It is truly a bummer that you feel you are receiving half assed updates and features with constant problems.

The size of the GitLab is constantly growing and Meltano is adding to GitLabs capabilities, not subtracting. We've hired 2 very awesome Python developers for Meltano specifically. They each have tons of experience in the ELT space.

All this to say, that no one at GitLab has turned their eyes away from GitLab, it's the opposite. This business is here to help GitLab as our first customer. Rather than having GitLab struggle to get it's data tools together, and make business decisions based on that data, we've devoted a whole team to provide a solution while helping the community at the same time.

georgewfraser7y ago

Data pipelines are not a great subject for an open-source project. We've been building these for the last 3+ years at Fivetran, and I can tell you that the challenge is:

  - Studying each source to figure out the right data model
  - Chasing down a million weird corner cases
  - Working around dumb bugs in the data sources

This is the kind of problem where paying for software really works better. When people build data pipelines in-house, they tend to hack at it until it works for their use case and then stop. When we build data pipelines, we map out every feature of the data source, implement the whole thing at once, and then put it through a beta period with multiple real users. This is easy to do when you have a tight-knit dev team; much harder for a group of part-time open-source contributors.

MarHoff7y ago

I think the point is to provide a set of tools for people that build data pipelines. Period. The software being open source don't reflect in any way WHO will use this tool. Depending on the success of this project, it might be that you could switch your team to this new tool at some point.

Personally I work as a "lone wolf" (to my own complains) because I'm in a small company that can't afford a huge team. Most of my (ETL) Transforms are done in SQL which happen to be pretty standardized as opposed to many ETL products I've seen so far.
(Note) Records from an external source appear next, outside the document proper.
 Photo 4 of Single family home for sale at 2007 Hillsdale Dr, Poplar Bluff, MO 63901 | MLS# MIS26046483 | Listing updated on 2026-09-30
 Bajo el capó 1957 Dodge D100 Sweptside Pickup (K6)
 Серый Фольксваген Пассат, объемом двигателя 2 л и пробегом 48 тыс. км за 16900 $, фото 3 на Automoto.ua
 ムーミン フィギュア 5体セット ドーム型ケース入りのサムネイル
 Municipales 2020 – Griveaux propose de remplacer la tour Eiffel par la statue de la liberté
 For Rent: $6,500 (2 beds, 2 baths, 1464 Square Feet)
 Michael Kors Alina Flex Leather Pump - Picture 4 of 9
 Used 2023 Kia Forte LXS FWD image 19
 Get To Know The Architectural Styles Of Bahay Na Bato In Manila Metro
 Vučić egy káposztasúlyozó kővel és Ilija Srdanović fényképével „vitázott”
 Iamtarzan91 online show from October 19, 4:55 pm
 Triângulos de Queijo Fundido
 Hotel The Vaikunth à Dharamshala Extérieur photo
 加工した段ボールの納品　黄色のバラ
This solution is probably far from being ready, but I find this approach quite interesting, because it look like a code based ETL that use SQL for transform (so I might be biased). Overall this might result in a more maintainable/versionable data pipeline model than GUI-first ETL which usually generate spaghetti code. Because you are usually forced to regularly adapt data-pipeline to unstable external inputs, being able to easily diff ETL process would be a blessing.

veritas32417y ago

The scope of Meltano isn't limited to just data pipelines, though that is the first major part of it.

One thing that gets me really excited about it is the way we want to build version control in from the start. To give you an example of where that's really powerful - we have a bunch of dashboards in Looker. Right now, figuring out what Looks/Dashboards rely on a given field is very challenging. If I change a column in my extraction, right now I can fairly easily propagate it to my final transformed table (thanks to dbt!) and even to the LookML. But knowing what in Looker is going to change / break if I change the LookML is way harder.

But if everything was defined in code from extraction, loading, transformation, modeling, _and_ visualization, that'd be really powerful from my perspective.

The Meltano team has several user personas that they're looking at focusing on, data engineers are definitely one of them, but data analyst/BI users are as well, and we want the product to work well for the whole data team.

js87y ago

Can't agree more.

IMHO, if you want to make a dent in the space, figure out better debugging tools!

In particular, tools that explain how a certain (specific) value was calculated in the system, tools that let you bisect the source data in some way and let you focus on the source data that are likely to have a problem, tools that help you figure out that certain intermediate value in calculations is an outlier, tools that let you test certain assumptions about data over the whole pipeline..

veritas32417y ago

You're talking about more debugging tools within the transformation steps of a pipeline, right? dbt is helping with that via data tests (see https://gitlab.com/meltano/analytics/tree/master/elt/dbt/tes...) as an example.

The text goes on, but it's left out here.